At first, 4881 citations were exported from the three databases and 2276 were selected on titles, among which 1041 had an available abstract. Abstracts screening lead to 477 accepted citations. Among them, 445 full-texts PDF were retrieved, of which 106 were kept after the full-text screening step. Over the whole screening process, 45 citations were identified as duplicates and were removed. Sixty-eight additional records came from our call for grey literature but none passed the full-text screening. Lastly, 46 other articles found by the review team that directly dealt with CFF [28, 33, 34, 42–45], but not directly found in the three considered databases, were added to the final corpus.
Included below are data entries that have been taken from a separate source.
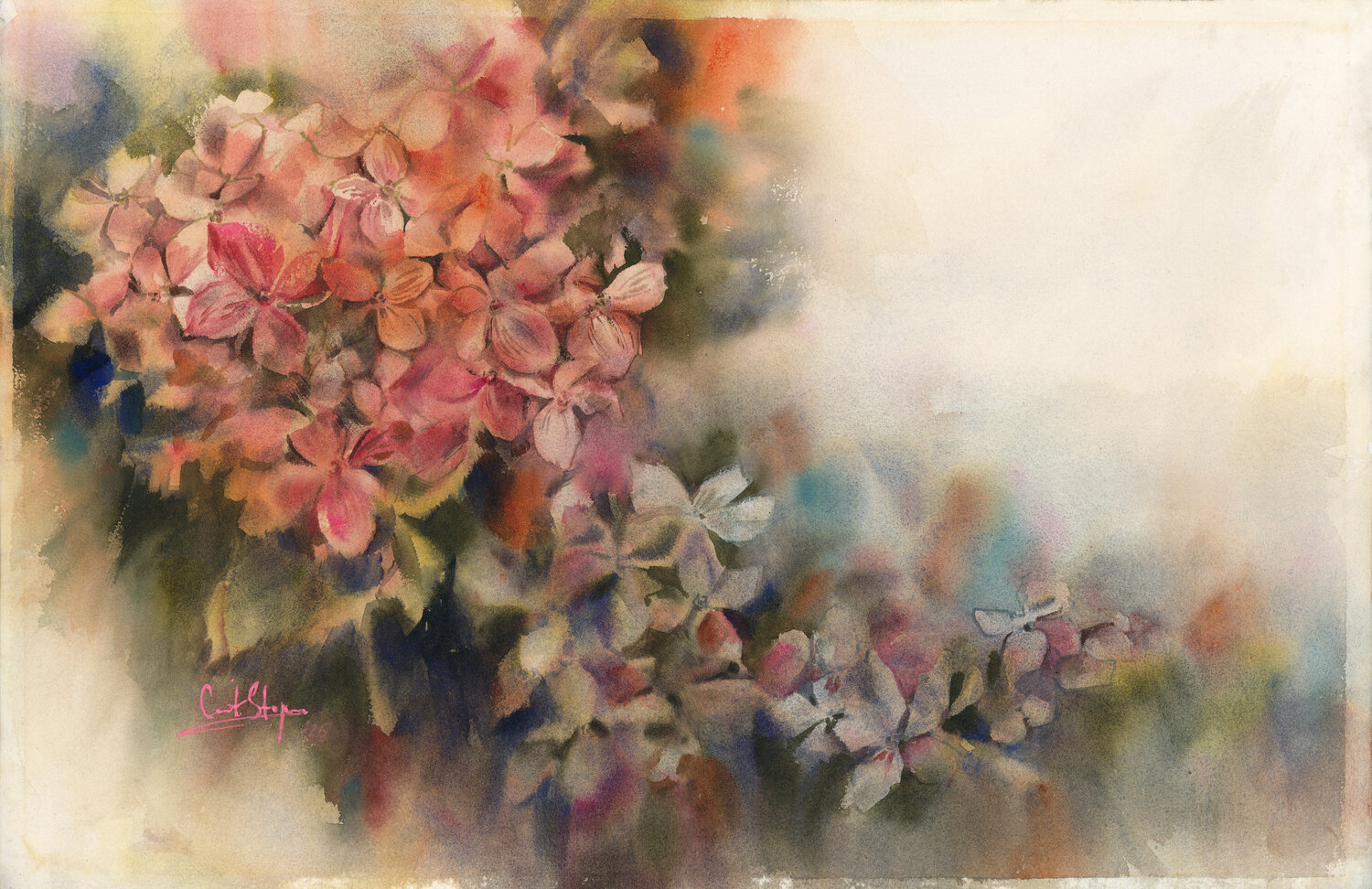 Pink Hydrangea Sophia Rodionov Original painting for sale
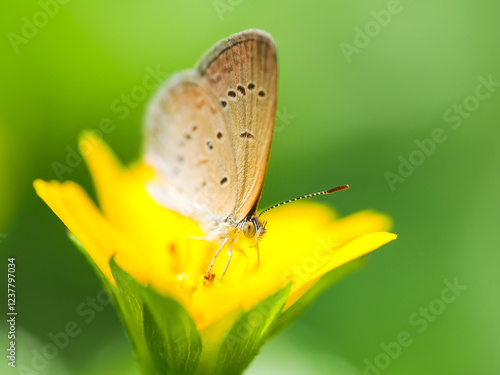 Wallpaper Mural A butterfly rests gracefully on a bright yellow flower, set against a soft green background, highlighting its delicate details. Torontodigital.ca
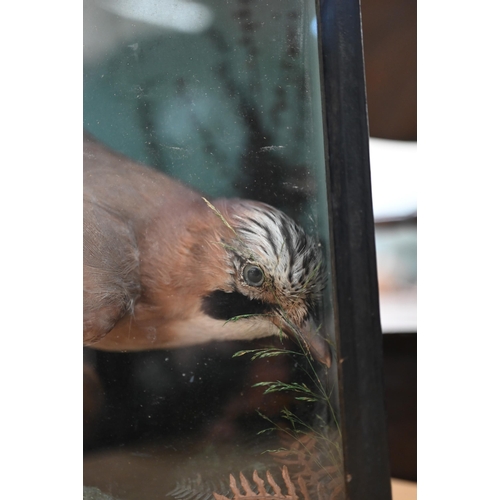 466 - Taxidermy - a Jay, in naturalistic setting and glazed case, 34 cm high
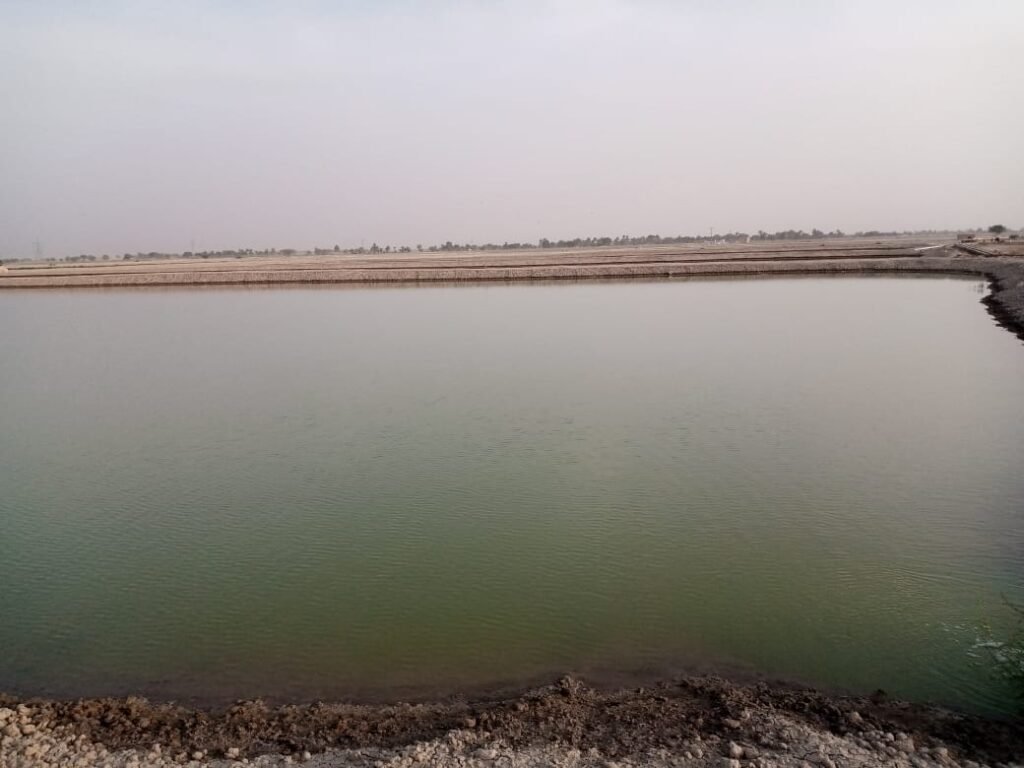 AQUACULTURE RESEARCH IN BARREN LAND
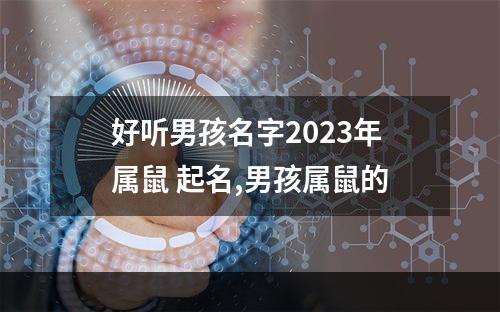 好听男孩名字2023年属鼠 起名,男孩属鼠的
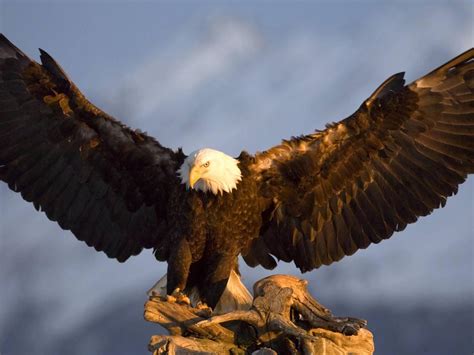 Majestic Bald Eagle HD desktop wallpaper : Widescreen : High Definition ...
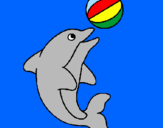 Disegno Delfino con una palla  pitturato su greta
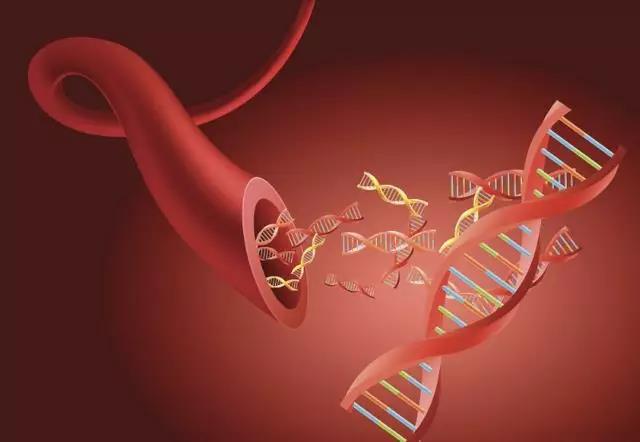 體感振動(dòng)音樂(lè)療法與血液循環(huán)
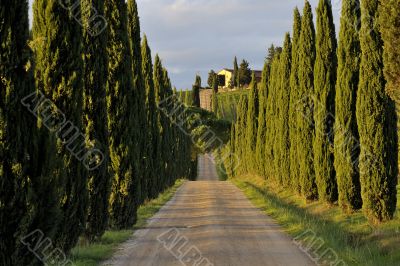 Cypress Alley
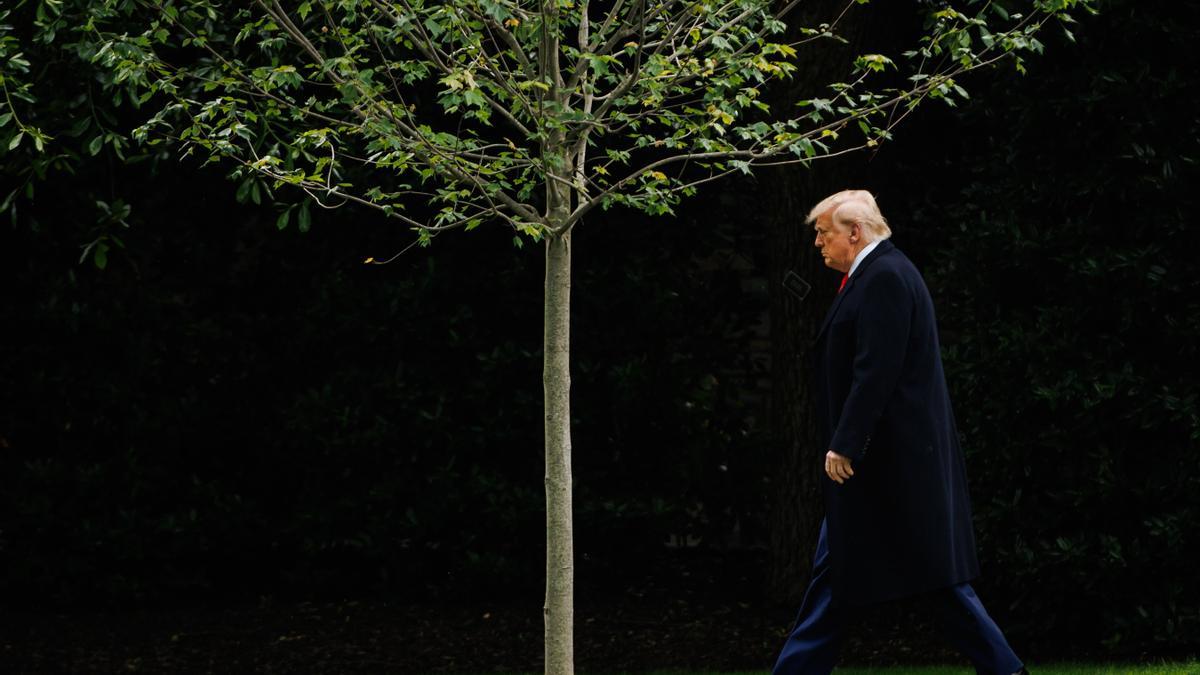 Geoeconomía, el ave fénix capitalista que surge tras el fracaso del neoliberalismo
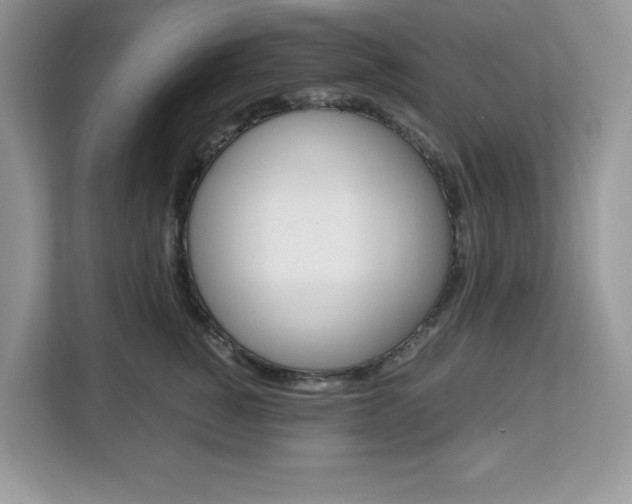 X0000113090760200908281007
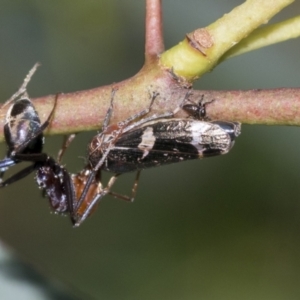 Eurymeloides punctata at Higgins, ACT - 4 Oct 2021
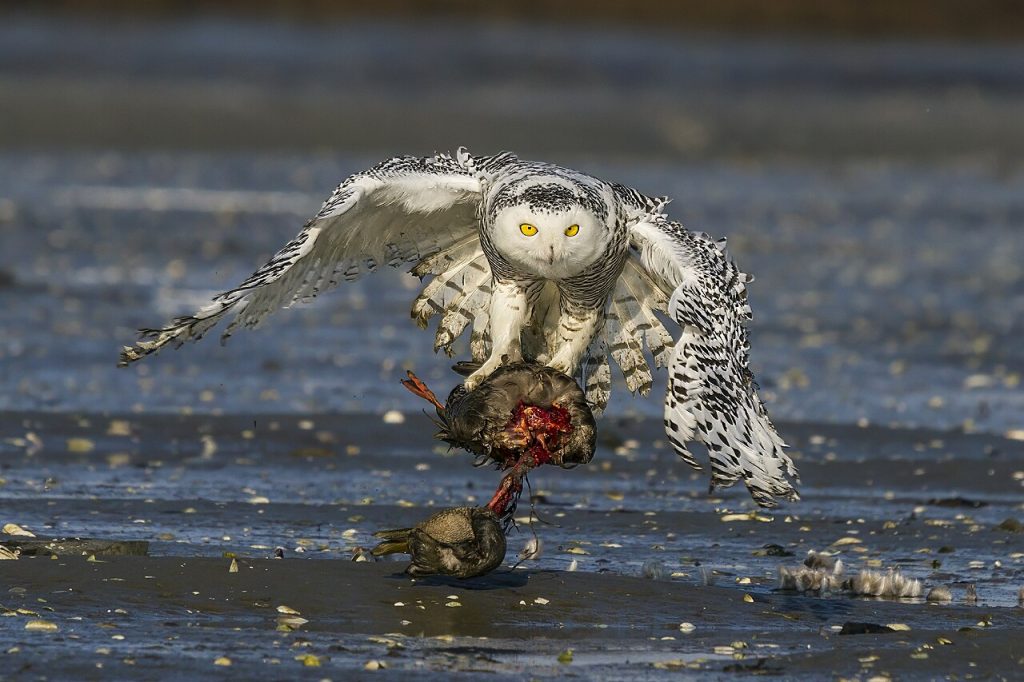 hóbagoly cenweb cikk wiki 12 snowy owl Bubo scandiacus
Overall, 152 articles were included and were split into 267 studies. After the exclusion of studies without any replication nor control, 200 studies were retained. The critical appraisal step resulted in 8% (16) of studies with a high risk of bias, 78% (155) with a medium risk of bias and 14% (29) with a low risk of bias (S6 File).

Bibliometric results

Accepted articles were published between 1935 and 2020 with a major increase in the mid-1990s with less than 10 articles being published every five years before 1990 to more than 40 between 2015 and 2020 (S11 File). We classified studies’ methodology into two groups: electrophysiology (153) and behavioural (47). In the first group, electroretinogram was the most frequently used methodology even if electroencephalograms and other physiological protocols were also used. For the second group, two-alternative forced choice procedures were more often chosen, followed by optomotor ones. In both types of studies, authors used several types of light sources to produce their stimuli, LED being the most frequently chosen one (79) along with gas discharge lamps (37) and monochromators (33). More rarely, incandescent lamps and monitor screens were also used.

Fifteen taxonomic classes were found. Actinopterygii was the most represented taxon with more than 44 species being examined, followed by Malacostraca, Mammalia and Insecta with approximately 30 species (S11 File). Aves were studied in 23 species and Elasmobranchii as well as Reptilia were less examined both with 14 species. Only three Cephalaspidomorphi species were studied and, for each of the 7 remaining taxonomic classes, only one study was carried out. Overall, on the 200 CFF values that were observed, 156 different species were recorded. Mus musculus L. was the most examined species with 8 occurrences, along with Gallus gallus L. (6 studies) and Rattus norvegicus B. (6 studies). The vast majority of species (133) were studied only once.

Distribution of CFF values

CFF was more often reported as a mean value (125 studies) but authors also used the range of values, the minimum or maximum, the median value or the extrapolation from their data. Among the 125 mean values, 77 were detailed by a measure of variation, either a standard error (65) or a standard deviation.

Reported values of CFF varied from a maximum of between 300 Hz and 500 Hz for the beetle Melanophila acuminata D. [56] to a mean (± SD) of 0.57 (± 0.08) Hz for the snail Lissachatina fulica B. [57].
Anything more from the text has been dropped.